June 15, 2020 | CAA Niagara

Pylon marks where car has pulled over on highway.

Slow Down, Move Over. Four simple words, with one goal in mind – to keep our heroes safe.

We all know how unpredictable the roads can be. From weather to potholes and everything in-between, there are countless obstacles that can get in our way while driving. However, when it comes to first responders, we need to do our best to stay out of their way – especially when they are helping someone on the side of the road. Hence the creation of the Move Over Law.

CAA tow truck operators service Members at all hours of the day. CAA Niagara takes this matter very seriously and wants to make sure you’re prepared to slow down, move over when you see first responders along the side of the road.

What is the Move Over Law?

Created in 2003, this law protects first responders while tending to a roadside call. This includes police officers, paramedics, firefighters and tow truck operators (as of 2015).

If an emergency vehicle or tow truck is stopped with its coloured lights flashing in the same direction that you are travelling; you must reduce the speed of your vehicle and proceed with caution. If you are driving on a road that has multiple lanes you are expected to leave a lane of space between you and the emergency vehicle – but only if it is safe to do so.

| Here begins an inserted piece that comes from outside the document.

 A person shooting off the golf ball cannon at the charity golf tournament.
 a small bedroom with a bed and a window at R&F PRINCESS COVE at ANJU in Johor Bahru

Additionally, if an emergency vehicle is approaching you from behind with its light flashing, you must pull over to the side of the road, let them pass and can not re-enter traffic until all first responder vehicles have gone by.

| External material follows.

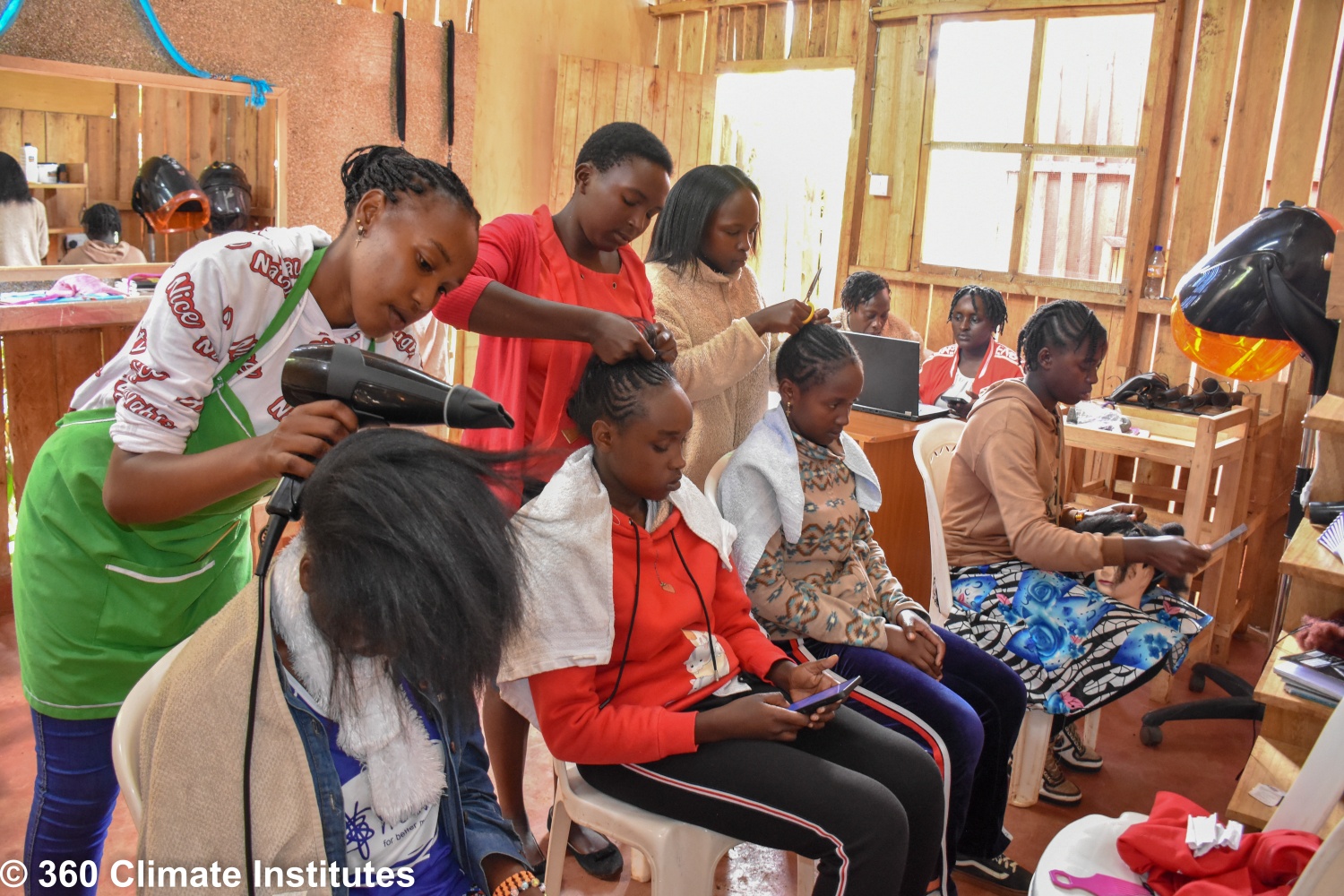 Students taking part in practical hairdressing training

The Move Over law is outlined in Section 159 (2,3) of the Highway Traffic Act at here.

How much can I be fined under the Move Over Law?

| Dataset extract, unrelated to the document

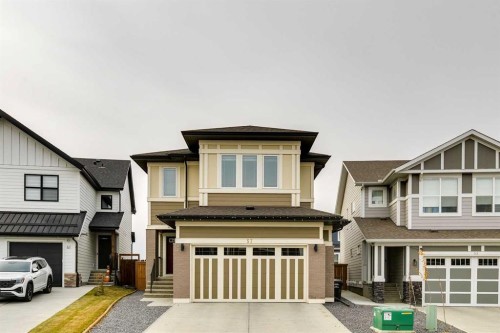 57 Magnolia Heath Se, Calgary, AB - Outdoor With Facade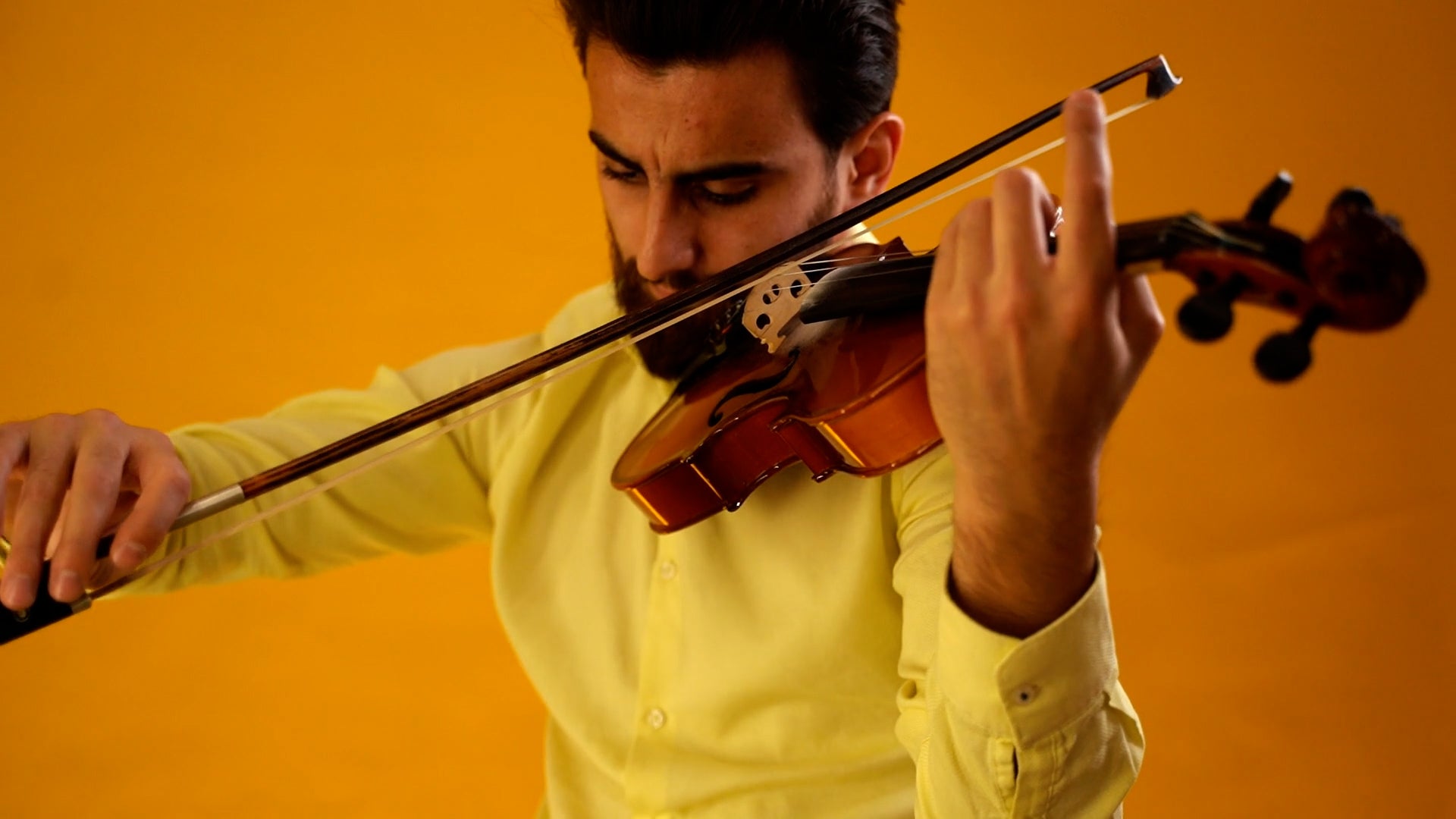 man playing violin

The first offence for motorists who have failed to comply with this law can receive a fine of $400 to $2,000; three demerit points upon conviction; and a possible suspension of driver’s licence for up to 2 years.

Subsequent offences can result in a fine of $1,000 to $4,000; three demerit points upon conviction; possible jail time (up to six months); and possible suspension of licence for up to 2 years. This applies within a five-year period of the first offence.

Tips for handling emergency vehicles

Fact: Nearly 100 tow truck operators die in North America each year because people did not give them enough room to safely do their job.

The next time you see an emergency vehicle or tow truck helping someone on the roadside, use these tips so they can make it home safe and sound:

Stay alert.

Now is the time to avoid any distractions. Keep your eyes on the road and the noise in your car to a minimum so that you can properly assess the situation. Depending on the severity of the issue, there could be back-up responders en route to the scene - so be on the lookout for them as well.

Remain calm.

The flashing lights ahead are a sign of an on- going situation. Don’t make any sudden movements (braking or switching lanes) just yet though. Other drivers will likely react to the situation at different times – so check your blind spots and use your signal if you plan on moving a lane over.

Be cautious.

Approach any situation involving emergency vehicles or tow trucks with caution. Their work often puts them right in the line of danger. Give them the space they need and maintain a slow speed when passing them.

Know Your Rights

In 2016, CAA unveiled Ontario’s Towing Bill of Rights to provide financial protection to those who are in need of a tow. Understanding your rights is the first line of protection for motorists.

First responders put their lives at risk to save those in need. At the end of the day, they want to go home to their family and friends. Remember, if you see a tow truck operator, fire truck, ambulance or the police on the side of the road, Slow Down and Move Over.